- The Physics & Astronomy Department has graduated an average 19 majors per year from 2002-2011. (For comparison, 2008 national data: Bachelor’s-granting departments produced an average of 4.8 physics majors per year; Master’s granting departments had an average of 6.0, and Ph.D.- granting departments produced an average of 16.2 physics and astronomy Bachelor’s degrees).
- Almost half of Carleton physics majors continue on with graduate training in science or engineering. From 2002-2011 Carleton physics graduates matriculated into graduate programs in physics and astronomy at Arizona, Boston University, Carnegie-Mellon University, University of California – Berkeley, University of Colorado-Boulder, Colorado School of Mines, Columbia, Cornell, Duke, George Washington, Georgia Tech, Harvard, Illinois, Johns Hopkins, University of Manchester (GB), Maryland, Michigan, Minnesota, MIT, New Mexico, Northwestern, Ohio, Oregon, Pennsylvania, Penn State, Princeton, Purdue, Rice, University of Rochester, Stanford, SUNY Stony Brook, Texas, Texas A&M, Washington, West Virginia, William and Mary, and Wisconsin.

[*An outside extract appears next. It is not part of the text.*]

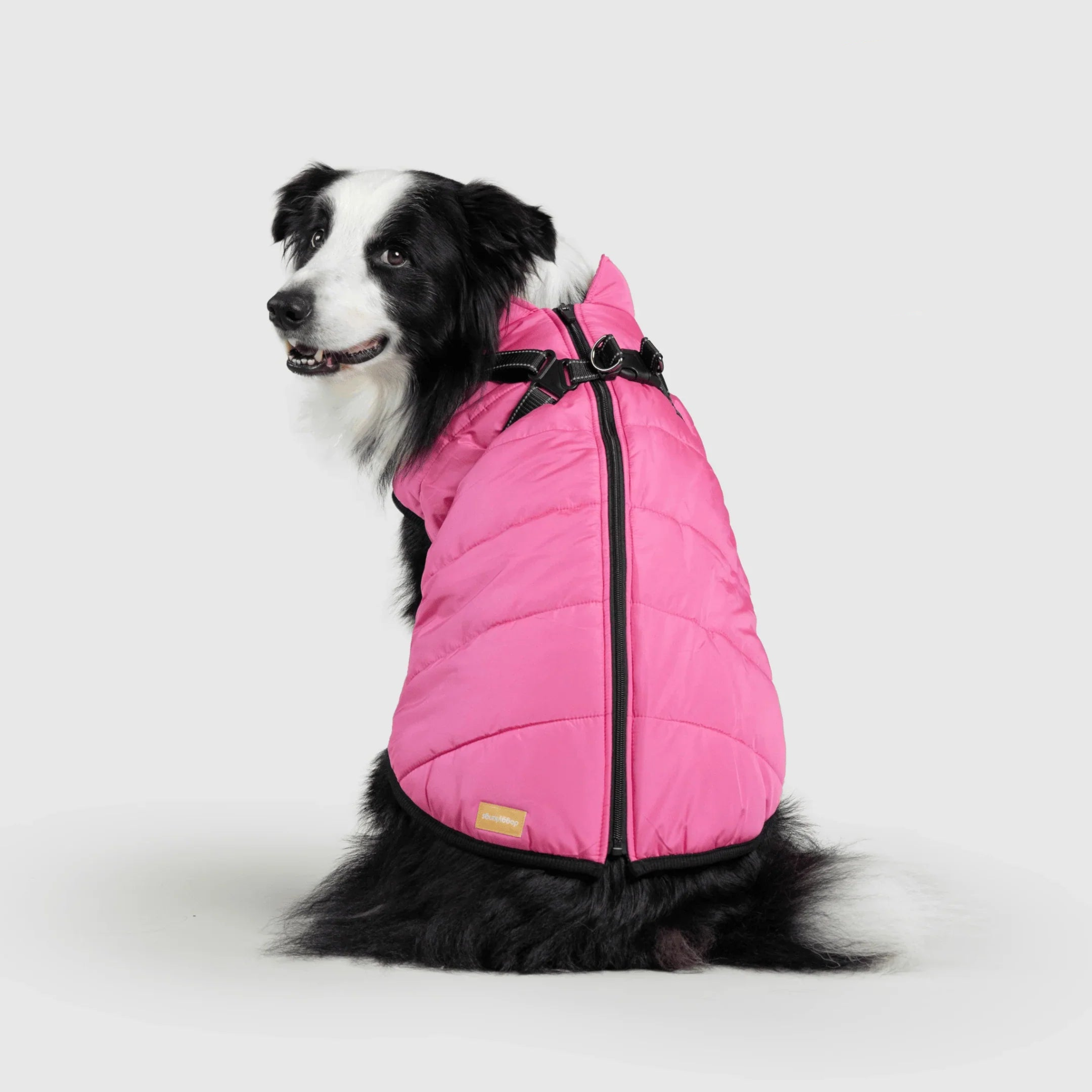 PawfectGuard™ 3-i-1 Hundejakke – Ultimat Beskyttelse, Stil & Komfort!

- Carleton ranks first among baccalaureate colleges in the absolute number of graduates who go on to receive a Ph.D. in physics or astronomy, and 31st nationally compared to all US colleges and universities.
- From 1990-2009, Carleton averaged 6.85 majors per year obtaining a Ph.D. in physics, astronomy and engineering (76 Carleton physics majors earned Ph.D.’s in physics, 28 Ph.D.’s in astronomy, and 33 Ph.D.’s in engineering). This Ph.D. production rate for physics and astronomy puts Carleton College second (behind Harvey Mudd) on the list of baccalaureate colleges.
- The Ph.D. production rate for women is equally impressive. From 1990-2009, 19 women physics majors from Carleton earned Ph.D.’s in physics; Carleton and Bryn Mawr are tied for first among liberal arts colleges, and 10th among all US universities and colleges.
Carleton physics majors are leaders in the field. In 2012 two of our students received a Goldwater and a Churchill Scholarship and two recent alums received National Science Foundation Graduate School Fellowships.